For an O(n4) solution, we can check all O(n^2) substrings. Now, we want to know if this string can stamp out the entire string. We can do this with dp. Let dp[i][j] be true if it is possible to stamp out the prefix 1, ..., i with (j + 1, ..., m) possibly left over the right edge. You can see the code below on how to update the dp table. This takes O(m^2) time per string so overall runtime is O(n^4) with a fairly low constant. We can get some more constant factor optimizations by doing some early breaks.
#ifdef LOCAL
#define _GLIBCXX_DEBUG
#endif
#include <bits/stdc++.h>
using namespace std;
#define forn(i, n) for (int i = 0; i < (int)(n); ++i)
#define fore(i, b, e) for (int i = (int)(b); i <= (int)(e); ++i)
#define ford(i, n) for (int i = (int)(n) - 1; i >= 0; --i)
#define pb push_back
#define fi first
#define se second
#define all(x) (x).begin(), (x).end()
typedef vector<int> vi;
typedef pair<int, int> pii;
typedef long long i64;
typedef unsigned long long u64;
typedef long double ld;
typedef long long ll;
const int maxn = 500;
int n, m;
string s;
string t;
char d[maxn][maxn];
void scan() {
cin >> s;
n = s.size();
}
bool check() {
memset(d, 0, sizeof d);
m = t.size();
if (s[0] != t[0]) return false;
d[1][1] = 1;
fore(i, 2, n) fore(j, 1, m) if (t[j-1] == s[i-1]) {
if (d[i-1][j-1]) d[i][j] = 1;
if (d[i-1][m]) d[i][j] = 1;
if (j == 1) fore(k, 1, m-1) if (d[i-1][k]) { d[i][j] = 1; break; }
}
return d[n][m];
}
void solve() {
set<string> res;
set<string> seen;
forn(i, n) forn(len, n-i+1) if (len) {
t = s.substr(i, len);
if (seen.count(t)) continue;
seen.insert(t);
if (check()) res.insert(t);
}
for (auto s: res) {
cout << s << "\n";
}
}
int main() {
#ifdef LOCAL
freopen("e.in", "r", stdin);
#endif
scan();
solve();
#ifdef LOCAL
cerr << "Time elapsed: " << clock() / 1000 << " ms" << endl;
#endif
return 0;
}
For an O(n3·logn) solution, consider all occurences of t in s (these can be found in O(|s| + |t|) time).
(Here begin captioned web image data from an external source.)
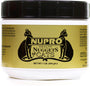 Nupro Health Nuggets pour chats, boîte de 1 lb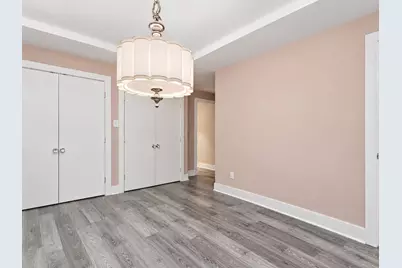 5941 South Loop E #504, Houston, TX 77033 - Photo 9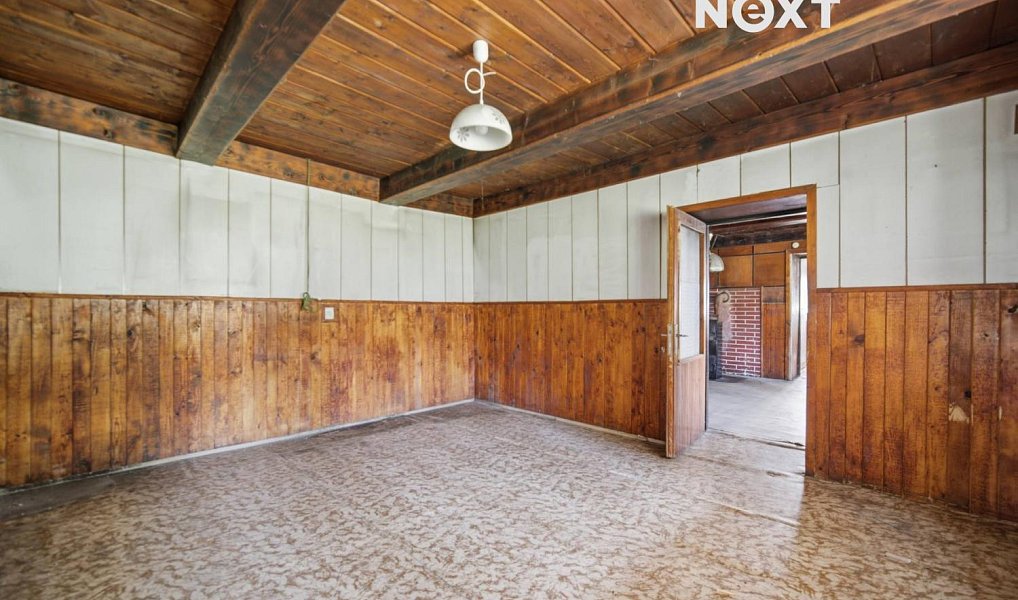 Prodej domu 110 m² s pozemkem 332 m², Dobšice – náhled fotky 20
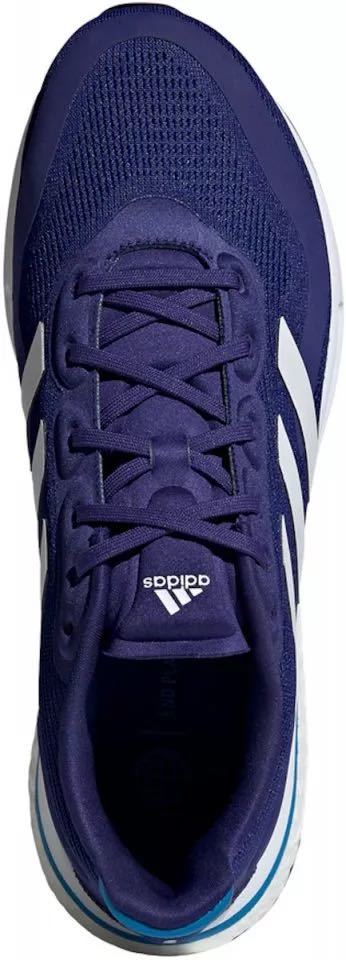 送料無料 新品 adidas メンズランニング SUPERNOVA M 29_画像4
Then, consider extending a region as far as we can left by prepending a prefix of t, and extending a region as far as we can to the right by appending a suffix of t. This can be done with a stack or segment trees. Then, we have a set of intervals, and we want to check it covers 1, ..., n. This can also be done in time after sorting. Note, there is some tricky case in that if there can be gaps between the intervals, but these gaps need to consist of substrings of t. This can also be checked in linear time using suffix automaton.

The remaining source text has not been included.